Durante a 30ª edição do Minas Trend – Maior Salão de Negócios da América Latina, promovida pela Federação das Indústrias do Estado de Minas Gerais (FIEMG), em Belo Horizonte, foi realizado, no Minascentro, o talk “Sustentabilidade e Circularidade na Moda“, que colocou na roda temas como consumo, moda sustentável e ações do Fashion Revolution, “um dos projetos mais expressivos sobre moda consciente no mundo”. Participaram a diretora executiva do Instituto Fashion Revolution Brasil, Fernanda Simon, e Viviane Rocha, IEL-MG.
O Fashion Revolution desde sua criação global aponta para questionamento vitais como: ‘quem fez as minhas roupas?’, para nos conectarmos com as pessoas, mas também ‘do que são feitas as roupas?’, incentivando um olhar sobre os impactos ambientais, sociais e culturais e propondo possibilidades, soluções, caminhos. Conversei com Fernanda Simon sobre quais os avanços que o Brasil têm mostrado quanto ao produzir e consumir moda.
“Durante a última década foi visível diversos avanços no setor, principalmente no caminho da sustentabilidade e diversidade. A crise climática está impulsionando uma crescente conscientização ambiental, que consequentemente leva a um aumento na demanda por moda mais sustentável. As marcas brasileiras estão buscando práticas mais ecologicamente corretas, assim como impactar positivamente a sociedade”, pontua.
É imprescindível reforçar que o caminho para a sustentabilidade é complexo, longo e precisa de uma abordagem sistêmica, logo, o interesse das marcas na pauta deve ser entendido apenas como o início de um longo caminhar, que, se não for sério e de fato responsável, pode acabar sendo um desserviço, se apresentando como greenwashing e atrapalhando o desenvolvimento do setor como um todo – Fernanda Simon
Desde 2022, Fernanda também integra a direção não executiva do Fashion Revolution Global e o Comitê Conselheiro da Conscious Fashion and Lifestyle Network, uma iniciativa em parceria com o Escritório de Parcerias das Nações Unidas (ONU). Foi uma das organizadoras do livro Revolução na Moda: Jornadas para Sustentabilidade. Ela nos conta as mais recentes ações do Fashion Revolution: “Em outubro, tivemos o Fórum Fashion Revolution e o lançamento do e-book com artigos inéditos que refletem os olhares de pesquisadores brasileiros no viés da sustentabilidade. Em novembro, teremos o lançamento da edição anual do Índice de Transparência da Moda, projeto que avalia a disponibilização de dados públicos das 60 maiores marcas com operação no Brasil e, na Semana Fashion Revolution 2024, completaremos 10 anos da existência do movimento e estamos planejando ações para recordar o que já passou, avaliar as mudanças e definir as prioridades para a próxima década”.

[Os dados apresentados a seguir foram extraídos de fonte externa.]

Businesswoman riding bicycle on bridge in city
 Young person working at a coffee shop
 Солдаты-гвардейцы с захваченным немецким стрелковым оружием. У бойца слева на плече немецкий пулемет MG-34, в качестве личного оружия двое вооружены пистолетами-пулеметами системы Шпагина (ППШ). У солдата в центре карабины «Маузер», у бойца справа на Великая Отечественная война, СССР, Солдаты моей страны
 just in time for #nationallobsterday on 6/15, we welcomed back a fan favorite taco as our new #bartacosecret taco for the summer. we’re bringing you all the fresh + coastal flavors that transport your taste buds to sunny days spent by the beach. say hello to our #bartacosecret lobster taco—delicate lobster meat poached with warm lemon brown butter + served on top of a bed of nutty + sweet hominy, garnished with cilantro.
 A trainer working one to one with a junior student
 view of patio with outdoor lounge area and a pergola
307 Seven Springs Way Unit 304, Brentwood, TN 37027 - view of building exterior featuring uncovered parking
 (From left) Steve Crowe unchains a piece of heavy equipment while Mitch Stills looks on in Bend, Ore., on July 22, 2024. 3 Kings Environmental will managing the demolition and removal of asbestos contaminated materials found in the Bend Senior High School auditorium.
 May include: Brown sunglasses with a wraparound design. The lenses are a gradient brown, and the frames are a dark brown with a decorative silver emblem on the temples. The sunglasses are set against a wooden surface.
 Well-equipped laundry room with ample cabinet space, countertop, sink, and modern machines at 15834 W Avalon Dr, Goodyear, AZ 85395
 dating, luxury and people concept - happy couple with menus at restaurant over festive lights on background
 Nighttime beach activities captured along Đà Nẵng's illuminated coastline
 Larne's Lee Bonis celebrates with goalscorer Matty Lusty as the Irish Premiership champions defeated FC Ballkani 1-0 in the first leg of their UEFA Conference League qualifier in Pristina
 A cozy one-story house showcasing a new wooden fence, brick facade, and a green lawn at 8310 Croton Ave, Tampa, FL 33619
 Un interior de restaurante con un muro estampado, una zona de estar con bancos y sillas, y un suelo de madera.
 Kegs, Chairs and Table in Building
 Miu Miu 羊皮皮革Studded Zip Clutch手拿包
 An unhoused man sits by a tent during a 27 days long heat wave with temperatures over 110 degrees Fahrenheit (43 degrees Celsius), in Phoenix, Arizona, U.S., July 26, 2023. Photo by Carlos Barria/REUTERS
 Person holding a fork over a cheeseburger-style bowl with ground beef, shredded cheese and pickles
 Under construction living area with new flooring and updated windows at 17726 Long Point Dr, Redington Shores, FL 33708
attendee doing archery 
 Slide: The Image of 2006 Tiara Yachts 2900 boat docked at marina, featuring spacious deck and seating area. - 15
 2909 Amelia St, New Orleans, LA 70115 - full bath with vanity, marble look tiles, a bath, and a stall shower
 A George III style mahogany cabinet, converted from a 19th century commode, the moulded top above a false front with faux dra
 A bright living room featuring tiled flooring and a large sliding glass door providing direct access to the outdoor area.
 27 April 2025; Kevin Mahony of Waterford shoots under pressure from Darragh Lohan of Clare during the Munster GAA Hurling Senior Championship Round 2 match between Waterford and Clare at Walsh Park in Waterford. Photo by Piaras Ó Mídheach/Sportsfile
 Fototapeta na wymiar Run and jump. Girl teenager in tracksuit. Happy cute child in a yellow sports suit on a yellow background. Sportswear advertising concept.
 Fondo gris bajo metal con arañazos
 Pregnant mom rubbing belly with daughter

Para que a relação entre moda e natureza seja cada vez mais equilibrada, com benefícios para todos sem agressões ao meio ambiente, o Fashion Revolution criou o Índice de Transparência, um dos carros-chefes do movimento. Fernanda sempre frisou que as marcas têm grande potencial de impacto, tanto negativo como positivo. E é essencial dialogarmos com elas, incentivarmos as melhores práticas, cobrarmos responsabilidade. “Elas precisam ser exemplos, ter mais agilidade, tornar-se referência no setor graças a seu tamanho e a sua potência. Se as grandes marcas começam a trazer práticas positivas, quantas outras poderão se inspirar nelas elas e quantas pessoas não serão impactadas por fazerem parte dessas cadeias?”.
“Desde a criação do movimento, foi visível o avanço da conversa sobre a qualidade do trabalho das pessoas que fazem nossas roupas. Surgiram iniciativas, políticas públicas e engajamento de marcas trazendo melhorias em seus processos internos, porém ainda assim essas mudanças não foram capazes de garantir trabalho digno e salário decente para os trabalhadores”, comenta Fernanda Simon.
Abordamos acima responsabilidade e transparência. Bandeiras do movimento global, sem fins lucrativos, o Fashion Revolution, que está presente em mais de 100 países ao redor do mundo. Como um alerta, o coletivo faz campanhas pela reforma sistêmica da indústria da moda, com foco na necessidade de maior transparência na cadeia de produção do setor. Como tem sentido o feedback do consumidor no Brasil?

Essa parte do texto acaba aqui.